======== RAW DATA
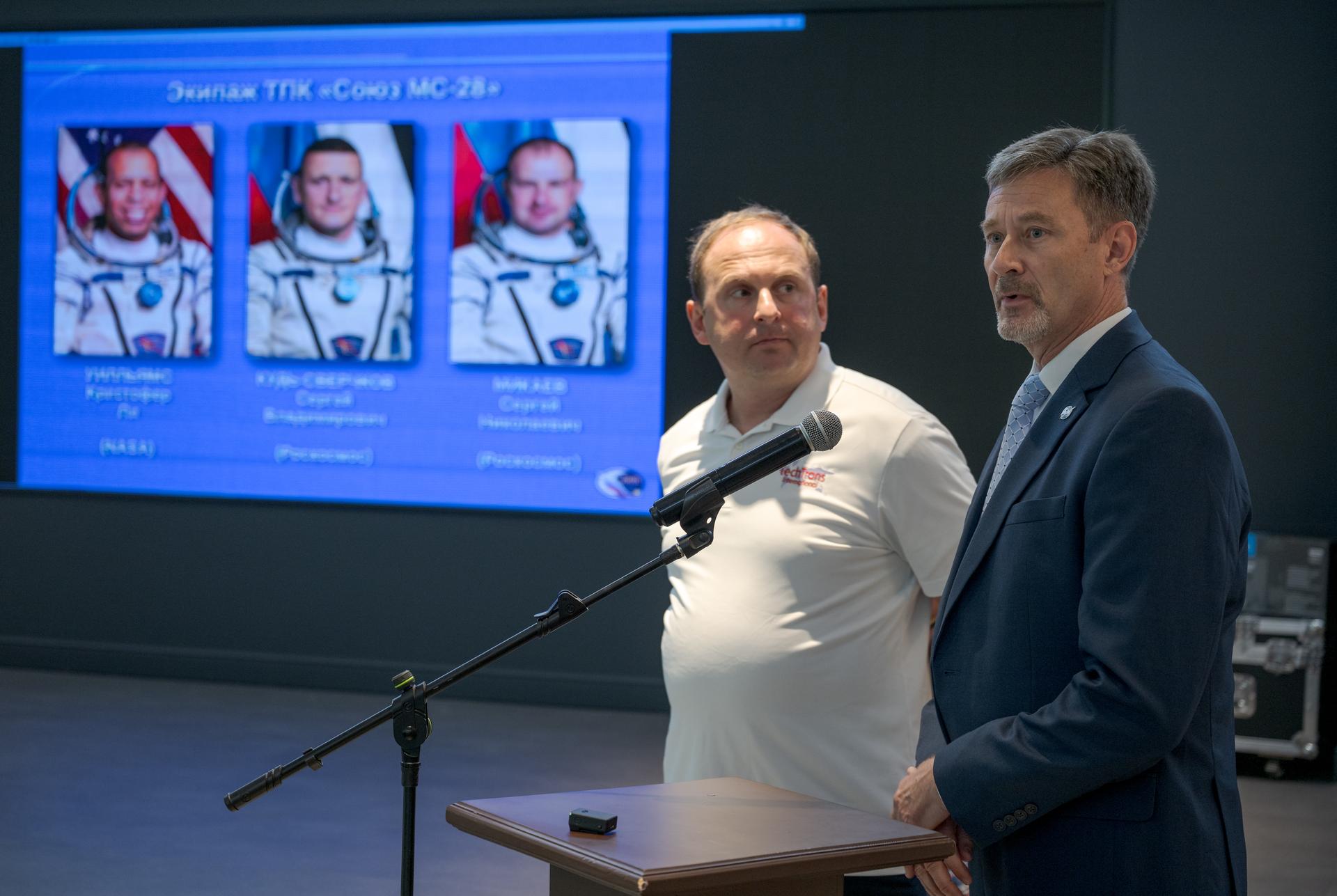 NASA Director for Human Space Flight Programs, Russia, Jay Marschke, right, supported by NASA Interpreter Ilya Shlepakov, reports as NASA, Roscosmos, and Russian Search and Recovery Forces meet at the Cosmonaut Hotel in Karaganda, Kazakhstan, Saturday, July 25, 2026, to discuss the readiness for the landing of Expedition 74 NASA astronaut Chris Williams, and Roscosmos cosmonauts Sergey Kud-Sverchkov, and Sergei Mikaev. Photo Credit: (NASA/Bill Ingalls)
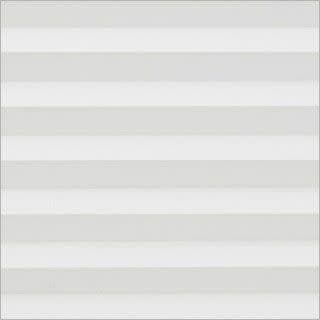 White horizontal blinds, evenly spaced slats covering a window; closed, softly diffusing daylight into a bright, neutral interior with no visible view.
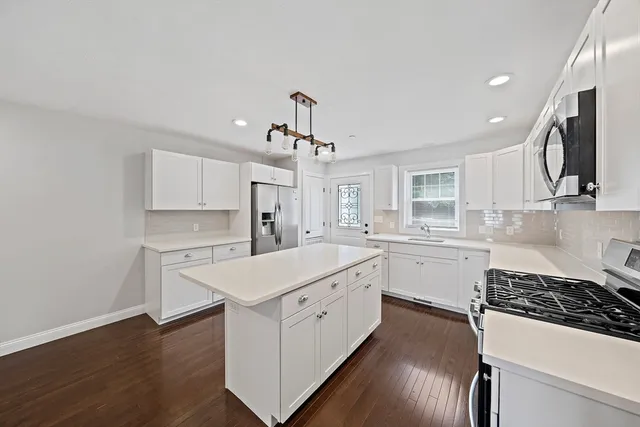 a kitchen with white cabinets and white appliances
================
TASK REQUIREMENTS:
Leave every picture out. Retype the remaining data exactly.

TASK ANSWER:
 NASA Director for Human Space Flight Programs, Russia, Jay Marschke, right, supported by NASA Interpreter Ilya Shlepakov, reports as NASA, Roscosmos, and Russian Search and Recovery Forces meet at the Cosmonaut Hotel in Karaganda, Kazakhstan, Saturday, July 25, 2026, to discuss the readiness for the landing of Expedition 74 NASA astronaut Chris Williams, and Roscosmos cosmonauts Sergey Kud-Sverchkov, and Sergei Mikaev. Photo Credit: (NASA/Bill Ingalls)
 White horizontal blinds, evenly spaced slats covering a window; closed, softly diffusing daylight into a bright, neutral interior with no visible view.
 a kitchen with white cabinets and white appliances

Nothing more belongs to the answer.